How Capital Protected Annuities Work

Posted on Saturday, July 17th, 2010 in Value Protection

Capital protected annuities work by returning the unpaid annuity income should the annuitant die before age 75. There is a tax charge of 35% which is taken from the unpaid income.

When you give your pension fund to an annuity provider you exchange it for an annuity. When you die if you have not bought some kind of protection then your annuity dies with you.

What Annuity Capital Protection Options are there?

When you purchase your annuity shape you can build in a continuing pension to a spouse or civil partner, you can purchase this up to a maximum of 100% of the annuity income. This option can be quite expensive and therefore lowers the amount of initial income quite considerably.

Another option you can purchase is a guaranteed payment period, this can normally be purchased for a maximum of 10 years. Guaranteed payment period works by simply continuing to pay the income for the remaining term after death. An example: if annuity income was £6,000 per annum and the annuitant purchased a 10 year guarantee payment period and subsequently died after 6 years then the annuity income of £6,000 would be paid for a further 4 years. Purchasing a guarantee period is relatively inexpensive and should considered in most cases.

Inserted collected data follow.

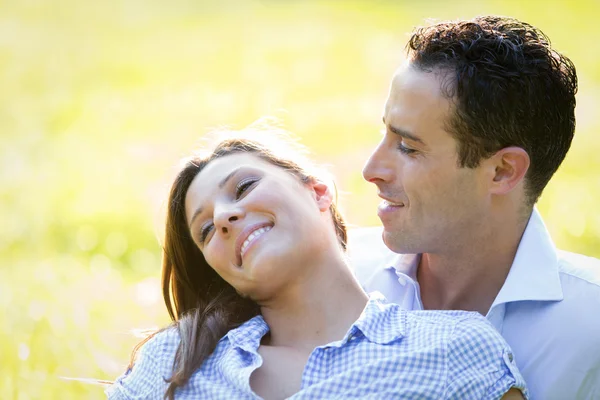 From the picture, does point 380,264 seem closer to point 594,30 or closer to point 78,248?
point 78,248

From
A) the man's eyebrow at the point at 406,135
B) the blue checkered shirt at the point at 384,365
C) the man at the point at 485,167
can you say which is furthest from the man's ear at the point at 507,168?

A third option to capital protect annuities is called ‘Value Protection‘ and works by returning any unpaid income less a 35% tax charge. It can be written into an annuity contract on a single life, joint life first death or joint life second death basis. Example: 65 year old male make an annuity purchase using value protection with £100,000 and has an income of £6,000 per annum. He dies after 5 years having taken income of £30,000 from the annuity. The unpaid amount from his annuity is £70,000 which can be paid out less a 35% tax charge of £24,500 therefore his estate receive £45,500.

It is very important to consider capital protecting your annuity in one way or another as otherwise your annuity will die with you.

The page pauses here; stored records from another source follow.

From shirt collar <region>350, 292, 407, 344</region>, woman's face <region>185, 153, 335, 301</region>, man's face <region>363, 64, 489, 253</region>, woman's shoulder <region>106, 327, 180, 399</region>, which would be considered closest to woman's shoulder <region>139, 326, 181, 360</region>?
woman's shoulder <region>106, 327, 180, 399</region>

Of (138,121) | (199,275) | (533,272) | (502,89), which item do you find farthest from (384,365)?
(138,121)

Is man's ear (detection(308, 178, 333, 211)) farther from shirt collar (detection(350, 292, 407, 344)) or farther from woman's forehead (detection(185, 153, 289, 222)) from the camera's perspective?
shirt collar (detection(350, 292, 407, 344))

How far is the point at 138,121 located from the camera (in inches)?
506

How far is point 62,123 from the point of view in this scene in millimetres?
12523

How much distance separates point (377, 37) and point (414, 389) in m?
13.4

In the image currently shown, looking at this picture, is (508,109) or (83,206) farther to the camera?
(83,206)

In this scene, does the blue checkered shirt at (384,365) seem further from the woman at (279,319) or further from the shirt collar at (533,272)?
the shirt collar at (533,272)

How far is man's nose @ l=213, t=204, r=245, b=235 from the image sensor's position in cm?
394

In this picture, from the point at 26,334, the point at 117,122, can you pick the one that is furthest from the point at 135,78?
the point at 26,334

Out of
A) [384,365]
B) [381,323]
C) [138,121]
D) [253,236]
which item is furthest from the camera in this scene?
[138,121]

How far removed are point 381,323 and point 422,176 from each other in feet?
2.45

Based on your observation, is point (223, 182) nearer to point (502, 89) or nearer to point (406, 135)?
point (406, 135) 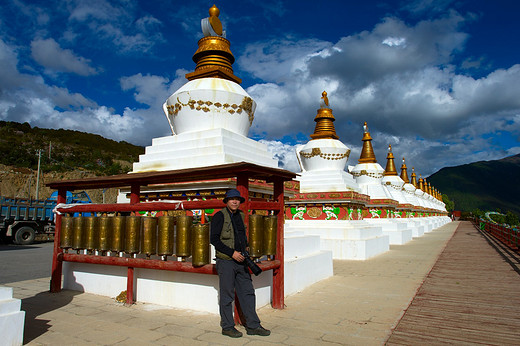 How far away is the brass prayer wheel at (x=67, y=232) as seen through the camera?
588 centimetres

This is filed under: Value Protection
Added on Jul 17, 2010 by admin | Comments 0

Annuity Value Protection

Posted on Friday, October 2nd, 2009 in Annuity Rates

Value Protection addresses head-on the concerns of those who believe an annuity could represent poor value if they were to die relatively young.  It effectively creates a ‘win-win’ situation, because even if you don’t make it to age 75, you will at least be assured that either you or your dependants will have benefitted significantly from the pension fund accrued.

How Value Protection Works

A lump sum may become payable from your annuity in the event that you die before reaching age 75.

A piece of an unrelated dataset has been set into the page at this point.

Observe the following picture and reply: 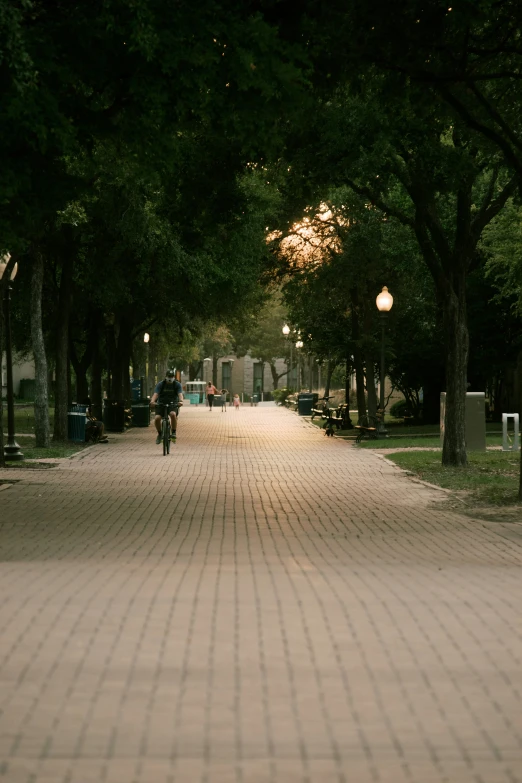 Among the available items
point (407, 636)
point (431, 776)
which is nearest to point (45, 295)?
point (407, 636)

The maximum lump sum payable under Value Protection is the initial annuity purchase price, less the sum of the income paid from the annuity.  Any Value Protection lump sum payable will be taxed at source at a rate of 35%.

Please note that the Value Protection option must be selected when you purchase your annuity it cannot be added later.

A dependant’s annuity may also be paid.  In this case, any Value Protection lump sum will be paid on the 2nd death, and will take into account the total amount of income paid to both the annuitant and the dependant.

The Value Protection options

Full Value Protection

Full Value Protection gives you the opportunity of providing a lump sum for your beneficiaries, if you die before reaching age 75, equal to the initial annuity purchase price, less the total amount of income paid.  If you die after reaching age 75, no lump sum will be payable.

Partial Value Protection

Partial Value Protection operates in a similar manner to full Value Protection.

However, instead of protecting the full value of the initial annuity purchase price, you may select to protect a proportion of it. In this case, the lump sum payable will be the proportion of the initial annuity purchase price protected, less the total amount of income paid.

Other options available:

Lump sum/Income Guarantee

This option operates in a similar manner to Value Protection.  However, if you die before age 75, but still within the selected guarantee period, the remaining payments due under the guarantee will be payable as a lump sum. If you die after age 75, no lump sum will become payable, but income will continue until the end of the guarantee period.  Please note that if you choose this option, you cannot have Value Protection as well.

Dependant’s annuity

Choosing a dependant’s annuity ensures that an income will continue to be paid to your dependant (s), should you die before them.

If a dependant’s annuity rate has been selected with Value Protection, a lump sum will only become payable on the 2nd death, and will take into account the aggregate income paid to both you and your dependant. The lump sum only becomes payable if you die before reaching age 75, although the age at which the dependant dies does not affect the eligibility for a lump sum payment.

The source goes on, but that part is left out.